3.7.0: Future --> 3.8.0
If you would like to refer to this comment somewhere else in this project, copy and paste the following link:

dr_mohan - 2017-06-13

Thank you for filing this bug Sathish. We need to fix this memory leak problem. Looks like there is some problem with the blade. More information on the bug could help.
a. Which version of openhpi you are using?
b. What is the version of OA firmware?
c. If you know more details on the blade, please let's know. Looks like it has some unique problem that we are not handling well.

If you would like to refer to this comment somewhere else in this project, copy and paste the following link:

Sathish - 2017-06-14

Dr Mohan,

OpenHPI version we are using is 3.6.1

Pasting the output from ./hpiinv
SAF HPI Version B.03.02 (Is this the one?)
Some more info:
FieldId[1] Product Name : TEXT : BladeSystem c7000 Enclosure G3
FieldId[2] Manufacturer : TEXT : HP
FieldId[3] Product Versn : TEXT : 1.00
FieldId[4] Custom Field : TEXT : Telco_Status: TRUE
FieldId[5] Custom Field : TEXT : Power_Type: EXTERNAL_DC
FieldId[6] Custom Field : TEXT : ENCLOSURE STATUS: OK

Along the memory we have seen errors like,
a. Management processor status flipping (Screen shot attached for reference) - on one chassis
b. Power related issue on another chassis, as in the below logs

Jun 8 10:22:13 cz2 openhpid: oasoap: oasoapdiscover.c:1616: Unknown Power State 1 detected for Blade at bay 5
Jun 8 10:22:13 cz2 openhpid: oasoap: oasoapdiscover.c:2325: Failed to get Server rpt for bay 5.
Jun 8 10:22:13 cz2 openhpid: oasoap: oasoapdiscover.c:453: Failed to discover Server Blade
Jun 8 10:22:13 cz2 openhpid: oasoap: oasoapdiscover.c:381: Discovery failed for active OA 10.193.69.5:443
Jun 8 10:25:34 cz2 openhpid: oasoap: oasoaputils.c:753: OA 10.193.69.5 has become Active
Jun 8 10:26:29 cz2 openhpid: oasoap: oasoapdiscover.c:1616: Unknown Power State 1 detected for Blade at bay 5
Jun 8 10:26:29 cz2 openhpid: oasoap: oasoapdiscover.c:2325: Failed to get Server rpt for bay 5.

Could it be same as "https://sourceforge.net/p/openhpi/bugs/1854/"

Just thinking aloud:
Do we delete the resource-id from the RPTable, when the management processor is unresponsive? If so, the re-discovery infinite loop might have been entered just then, and thus the log in loop.

"Jun 8 00:23:57 cz2 openhpid: oasoap: oasoaprediscover.c:923: resource RPT is NULL"

Shouldn't the loop be exited when the rpt is NULL?

Thanks,
Sathish

vista_oa_error1.JPG
If you would like to refer to this comment somewhere else in this project, copy and paste the following link:

Shyamala - 2017-06-15

Hi Sathish,

Thanks for the information provided.

From the logs, it looks like there is some problem with that particular blade.
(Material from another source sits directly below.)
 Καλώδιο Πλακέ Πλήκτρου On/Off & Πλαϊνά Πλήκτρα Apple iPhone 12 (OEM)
I need some more information regarding the server blade.
1) Which model of server blade is placed at bay 5 and what is the iLo Firmwrae version?
2) Did you do any iLo firmaware update on that server blade recently?
3) From when or any specific point, where this problem is seen?
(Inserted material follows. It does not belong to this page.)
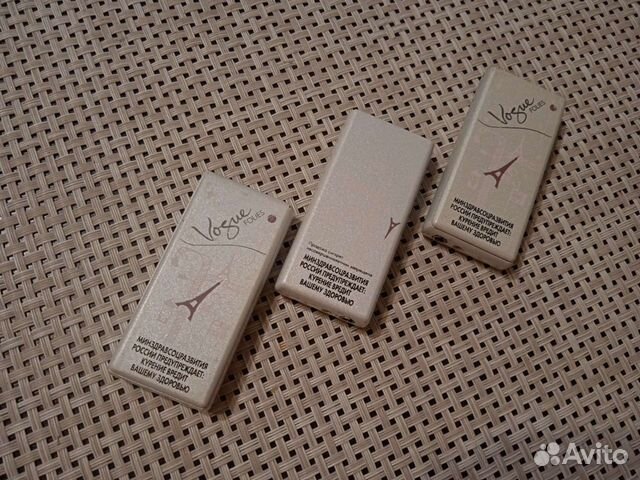 Вог Vogue Folies слайдер пьезо новая и б/у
I can suggest you to restart the openhpid and see.

Regards,
Shyamala

If you would like to refer to this comment somewhere else in this project, copy and paste the following link:

Sathish - 2017-06-15

Shyamala,

Copying the info from ./hpiinv
FieldId[1] Product Name : TEXT : ProLiant BL460c Gen8
FieldId[2] Manufacturer : TEXT : HP
FieldId[3] Product Versn : TEXT : 2.40 Dec 02 2015
FieldId[4] Custom Field : TEXT : MP Model name = iLO4

The last iLo FW update was on Dec 02, 2015

We are seeing this issue from April.

As a temperory recovery mechanism we are restarting openhpid process if it crosses some limit. But, the process keeps recurring.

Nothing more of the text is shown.